Task material |
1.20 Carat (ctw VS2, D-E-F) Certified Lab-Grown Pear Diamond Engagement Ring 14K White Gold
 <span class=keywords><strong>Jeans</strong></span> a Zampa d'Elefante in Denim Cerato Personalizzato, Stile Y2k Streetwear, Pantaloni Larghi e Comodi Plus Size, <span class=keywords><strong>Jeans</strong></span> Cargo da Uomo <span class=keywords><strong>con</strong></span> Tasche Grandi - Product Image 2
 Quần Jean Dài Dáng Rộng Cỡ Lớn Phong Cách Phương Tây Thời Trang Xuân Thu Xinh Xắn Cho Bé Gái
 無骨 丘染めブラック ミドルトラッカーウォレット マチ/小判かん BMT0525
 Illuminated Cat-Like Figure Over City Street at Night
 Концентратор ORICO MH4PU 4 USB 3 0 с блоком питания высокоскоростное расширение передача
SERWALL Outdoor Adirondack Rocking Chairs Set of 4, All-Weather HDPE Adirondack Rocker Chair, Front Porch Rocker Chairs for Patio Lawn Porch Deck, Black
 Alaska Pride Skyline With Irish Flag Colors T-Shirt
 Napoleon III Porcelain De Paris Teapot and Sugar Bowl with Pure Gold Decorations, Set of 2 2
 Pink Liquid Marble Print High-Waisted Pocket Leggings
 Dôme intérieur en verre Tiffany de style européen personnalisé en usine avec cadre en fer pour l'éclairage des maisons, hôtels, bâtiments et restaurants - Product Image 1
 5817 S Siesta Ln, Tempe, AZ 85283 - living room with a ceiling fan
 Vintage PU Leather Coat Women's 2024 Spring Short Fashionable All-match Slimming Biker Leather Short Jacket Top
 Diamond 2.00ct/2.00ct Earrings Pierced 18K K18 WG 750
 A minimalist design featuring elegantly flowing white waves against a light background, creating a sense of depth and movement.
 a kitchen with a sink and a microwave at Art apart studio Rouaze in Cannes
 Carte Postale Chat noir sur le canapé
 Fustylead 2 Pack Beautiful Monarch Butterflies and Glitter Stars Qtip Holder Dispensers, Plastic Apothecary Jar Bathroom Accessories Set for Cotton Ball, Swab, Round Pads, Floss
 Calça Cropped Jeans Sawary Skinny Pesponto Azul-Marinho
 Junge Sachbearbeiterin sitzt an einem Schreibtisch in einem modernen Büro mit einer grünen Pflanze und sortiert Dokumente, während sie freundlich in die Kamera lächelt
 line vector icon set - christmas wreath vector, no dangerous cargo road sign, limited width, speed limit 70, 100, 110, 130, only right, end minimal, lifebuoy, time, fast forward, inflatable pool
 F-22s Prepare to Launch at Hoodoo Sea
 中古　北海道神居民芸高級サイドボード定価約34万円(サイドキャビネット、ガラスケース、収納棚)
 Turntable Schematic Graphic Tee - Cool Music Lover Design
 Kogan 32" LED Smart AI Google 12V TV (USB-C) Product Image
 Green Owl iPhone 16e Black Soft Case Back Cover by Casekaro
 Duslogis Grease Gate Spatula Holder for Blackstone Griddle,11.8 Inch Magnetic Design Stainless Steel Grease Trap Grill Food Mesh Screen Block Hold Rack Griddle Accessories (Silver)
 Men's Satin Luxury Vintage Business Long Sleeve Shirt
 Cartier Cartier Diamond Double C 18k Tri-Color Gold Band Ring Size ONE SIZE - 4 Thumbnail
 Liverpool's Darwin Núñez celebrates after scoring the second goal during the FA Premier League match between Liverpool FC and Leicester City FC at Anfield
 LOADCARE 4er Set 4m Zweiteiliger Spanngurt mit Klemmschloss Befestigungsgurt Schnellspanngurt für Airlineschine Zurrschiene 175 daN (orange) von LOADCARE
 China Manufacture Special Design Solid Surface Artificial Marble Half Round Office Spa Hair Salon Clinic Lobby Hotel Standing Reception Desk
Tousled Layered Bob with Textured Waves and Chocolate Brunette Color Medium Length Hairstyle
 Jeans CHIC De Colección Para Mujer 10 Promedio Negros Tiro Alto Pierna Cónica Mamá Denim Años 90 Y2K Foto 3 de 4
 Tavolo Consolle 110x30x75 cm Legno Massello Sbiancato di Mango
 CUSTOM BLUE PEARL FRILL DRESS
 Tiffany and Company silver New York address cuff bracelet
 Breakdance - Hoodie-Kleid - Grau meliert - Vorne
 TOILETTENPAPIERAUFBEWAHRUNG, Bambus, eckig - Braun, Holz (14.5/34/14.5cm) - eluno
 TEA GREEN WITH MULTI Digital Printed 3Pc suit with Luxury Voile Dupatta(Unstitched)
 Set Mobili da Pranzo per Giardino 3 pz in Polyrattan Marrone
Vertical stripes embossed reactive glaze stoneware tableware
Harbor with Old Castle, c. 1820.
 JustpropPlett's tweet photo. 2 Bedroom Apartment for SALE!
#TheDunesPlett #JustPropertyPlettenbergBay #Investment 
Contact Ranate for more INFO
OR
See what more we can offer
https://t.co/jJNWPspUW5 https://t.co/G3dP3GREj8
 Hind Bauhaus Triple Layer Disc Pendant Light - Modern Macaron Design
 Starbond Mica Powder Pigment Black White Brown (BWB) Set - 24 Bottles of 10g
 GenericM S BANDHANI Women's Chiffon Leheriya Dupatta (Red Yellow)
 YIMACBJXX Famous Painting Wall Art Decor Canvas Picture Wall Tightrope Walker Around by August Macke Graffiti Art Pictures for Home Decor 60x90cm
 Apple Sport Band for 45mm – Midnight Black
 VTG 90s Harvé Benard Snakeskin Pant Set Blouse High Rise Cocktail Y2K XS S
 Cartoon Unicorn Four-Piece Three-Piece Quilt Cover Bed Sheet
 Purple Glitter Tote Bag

Aim of the task | Exactly as they appear, restate all of the entries.

Response |
1.20 Carat (ctw VS2, D-E-F) Certified Lab-Grown Pear Diamond Engagement Ring 14K White Gold
 <span class=keywords><strong>Jeans</strong></span> a Zampa d'Elefante in Denim Cerato Personalizzato, Stile Y2k Streetwear, Pantaloni Larghi e Comodi Plus Size, <span class=keywords><strong>Jeans</strong></span> Cargo da Uomo <span class=keywords><strong>con</strong></span> Tasche Grandi - Product Image 2
 Quần Jean Dài Dáng Rộng Cỡ Lớn Phong Cách Phương Tây Thời Trang Xuân Thu Xinh Xắn Cho Bé Gái
 無骨 丘染めブラック ミドルトラッカーウォレット マチ/小判かん BMT0525
 Illuminated Cat-Like Figure Over City Street at Night
 Концентратор ORICO MH4PU 4 USB 3 0 с блоком питания высокоскоростное расширение передача
SERWALL Outdoor Adirondack Rocking Chairs Set of 4, All-Weather HDPE Adirondack Rocker Chair, Front Porch Rocker Chairs for Patio Lawn Porch Deck, Black
 Alaska Pride Skyline With Irish Flag Colors T-Shirt
 Napoleon III Porcelain De Paris Teapot and Sugar Bowl with Pure Gold Decorations, Set of 2 2
 Pink Liquid Marble Print High-Waisted Pocket Leggings
 Dôme intérieur en verre Tiffany de style européen personnalisé en usine avec cadre en fer pour l'éclairage des maisons, hôtels, bâtiments et restaurants - Product Image 1
 5817 S Siesta Ln, Tempe, AZ 85283 - living room with a ceiling fan
 Vintage PU Leather Coat Women's 2024 Spring Short Fashionable All-match Slimming Biker Leather Short Jacket Top
 Diamond 2.00ct/2.00ct Earrings Pierced 18K K18 WG 750
 A minimalist design featuring elegantly flowing white waves against a light background, creating a sense of depth and movement.
 a kitchen with a sink and a microwave at Art apart studio Rouaze in Cannes
 Carte Postale Chat noir sur le canapé
 Fustylead 2 Pack Beautiful Monarch Butterflies and Glitter Stars Qtip Holder Dispensers, Plastic Apothecary Jar Bathroom Accessories Set for Cotton Ball, Swab, Round Pads, Floss
 Calça Cropped Jeans Sawary Skinny Pesponto Azul-Marinho
 Junge Sachbearbeiterin sitzt an einem Schreibtisch in einem modernen Büro mit einer grünen Pflanze und sortiert Dokumente, während sie freundlich in die Kamera lächelt
 line vector icon set - christmas wreath vector, no dangerous cargo road sign, limited width, speed limit 70, 100, 110, 130, only right, end minimal, lifebuoy, time, fast forward, inflatable pool
 F-22s Prepare to Launch at Hoodoo Sea
 中古　北海道神居民芸高級サイドボード定価約34万円(サイドキャビネット、ガラスケース、収納棚)
 Turntable Schematic Graphic Tee - Cool Music Lover Design
 Kogan 32" LED Smart AI Google 12V TV (USB-C) Product Image
 Green Owl iPhone 16e Black Soft Case Back Cover by Casekaro
 Duslogis Grease Gate Spatula Holder for Blackstone Griddle,11.8 Inch Magnetic Design Stainless Steel Grease Trap Grill Food Mesh Screen Block Hold Rack Griddle Accessories (Silver)
 Men's Satin Luxury Vintage Business Long Sleeve Shirt
 Cartier Cartier Diamond Double C 18k Tri-Color Gold Band Ring Size ONE SIZE - 4 Thumbnail
 Liverpool's Darwin Núñez celebrates after scoring the second goal during the FA Premier League match between Liverpool FC and Leicester City FC at Anfield
 LOADCARE 4er Set 4m Zweiteiliger Spanngurt mit Klemmschloss Befestigungsgurt Schnellspanngurt für Airlineschine Zurrschiene 175 daN (orange) von LOADCARE
 China Manufacture Special Design Solid Surface Artificial Marble Half Round Office Spa Hair Salon Clinic Lobby Hotel Standing Reception Desk
Tousled Layered Bob with Textured Waves and Chocolate Brunette Color Medium Length Hairstyle
 Jeans CHIC De Colección Para Mujer 10 Promedio Negros Tiro Alto Pierna Cónica Mamá Denim Años 90 Y2K Foto 3 de 4
 Tavolo Consolle 110x30x75 cm Legno Massello Sbiancato di Mango
 CUSTOM BLUE PEARL FRILL DRESS
 Tiffany and Company silver New York address cuff bracelet
 Breakdance - Hoodie-Kleid - Grau meliert - Vorne
 TOILETTENPAPIERAUFBEWAHRUNG, Bambus, eckig - Braun, Holz (14.5/34/14.5cm) - eluno
 TEA GREEN WITH MULTI Digital Printed 3Pc suit with Luxury Voile Dupatta(Unstitched)
 Set Mobili da Pranzo per Giardino 3 pz in Polyrattan Marrone
Vertical stripes embossed reactive glaze stoneware tableware
Harbor with Old Castle, c. 1820.
 JustpropPlett's tweet photo. 2 Bedroom Apartment for SALE!
#TheDunesPlett #JustPropertyPlettenbergBay #Investment 
Contact Ranate for more INFO
OR
See what more we can offer
https://t.co/jJNWPspUW5 https://t.co/G3dP3GREj8
 Hind Bauhaus Triple Layer Disc Pendant Light - Modern Macaron Design
 Starbond Mica Powder Pigment Black White Brown (BWB) Set - 24 Bottles of 10g
 GenericM S BANDHANI Women's Chiffon Leheriya Dupatta (Red Yellow)
 YIMACBJXX Famous Painting Wall Art Decor Canvas Picture Wall Tightrope Walker Around by August Macke Graffiti Art Pictures for Home Decor 60x90cm
 Apple Sport Band for 45mm – Midnight Black
 VTG 90s Harvé Benard Snakeskin Pant Set Blouse High Rise Cocktail Y2K XS S
 Cartoon Unicorn Four-Piece Three-Piece Quilt Cover Bed Sheet
 Purple Glitter Tote Bag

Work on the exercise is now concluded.